You are viewing a plain text version of this content. The canonical link for it is here.
Posted to dev@hbase.apache.org by "Jonathan Gray (JIRA)" <ji...@apache.org> on 2009/07/29 01:47:14 UTC

[jira] Created: (HBASE-1718) Reuse of KeyValue during log replay could cause the wrong data to be used

Reuse of KeyValue during log replay could cause the wrong data to be used
-------------------------------------------------------------------------

                 Key: HBASE-1718
                 URL: https://issues.apache.org/jira/browse/HBASE-1718
             Project: Hadoop HBase
          Issue Type: Bug
          Components: regionserver
    Affects Versions: 0.20.0
            Reporter: Jonathan Gray
            Priority: Blocker
             Fix For: 0.20.0


Our meta table got a row key of METAROW in it.  Hard to explain how it happened, but under code inspection stack found that we are reusing the same KV instance for each replayed key.

-- 
This message is automatically generated by JIRA.
-
You can reply to this email to add a comment to the issue online.


[jira] Updated: (HBASE-1718) Reuse of KeyValue during log replay could cause the wrong data to be used

Posted by "Jonathan Gray (JIRA)" <ji...@apache.org>.
     [ https://issues.apache.org/jira/browse/HBASE-1718?page=com.atlassian.jira.plugin.system.issuetabpanels:all-tabpanel ]

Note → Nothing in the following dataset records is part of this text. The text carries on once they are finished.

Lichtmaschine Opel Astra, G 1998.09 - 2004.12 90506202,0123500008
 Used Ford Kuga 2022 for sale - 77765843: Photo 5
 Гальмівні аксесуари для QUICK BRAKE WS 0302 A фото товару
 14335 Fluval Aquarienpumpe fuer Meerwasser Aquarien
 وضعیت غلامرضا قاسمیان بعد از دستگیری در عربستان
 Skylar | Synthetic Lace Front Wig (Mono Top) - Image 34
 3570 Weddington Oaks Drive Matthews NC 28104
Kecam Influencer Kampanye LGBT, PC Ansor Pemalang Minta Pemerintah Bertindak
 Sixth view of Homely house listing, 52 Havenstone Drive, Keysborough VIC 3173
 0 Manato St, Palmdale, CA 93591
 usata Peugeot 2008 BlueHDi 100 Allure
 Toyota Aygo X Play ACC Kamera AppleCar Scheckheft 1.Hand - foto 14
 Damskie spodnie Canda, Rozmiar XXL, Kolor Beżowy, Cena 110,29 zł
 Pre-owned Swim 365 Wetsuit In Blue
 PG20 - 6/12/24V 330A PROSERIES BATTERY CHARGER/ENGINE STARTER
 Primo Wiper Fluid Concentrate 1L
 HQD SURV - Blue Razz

Jonathan Gray updated HBASE-1718:
---------------------------------

    Attachment: HBASE-1718-v1.patch

Instantiates a new KeyValue at the end of the while loop, meaning we only re-instantiate once we've passed forward the KV (we can reuse the times we do continue).

> Reuse of KeyValue during log replay could cause the wrong data to be used
> -------------------------------------------------------------------------
>
>                 Key: HBASE-1718
>                 URL: https://issues.apache.org/jira/browse/HBASE-1718
>             Project: Hadoop HBase
>          Issue Type: Bug
>          Components: regionserver
>    Affects Versions: 0.20.0
>            Reporter: Jonathan Gray
>            Priority: Blocker
>             Fix For: 0.20.0
>
>         Attachments: HBASE-1718-v1.patch
>
>
> Our meta table got a row key of METAROW in it.  Hard to explain how it happened, but under code inspection stack found that we are reusing the same KV instance for each replayed key.

-- 
This message is automatically generated by JIRA.
-
You can reply to this email to add a comment to the issue online.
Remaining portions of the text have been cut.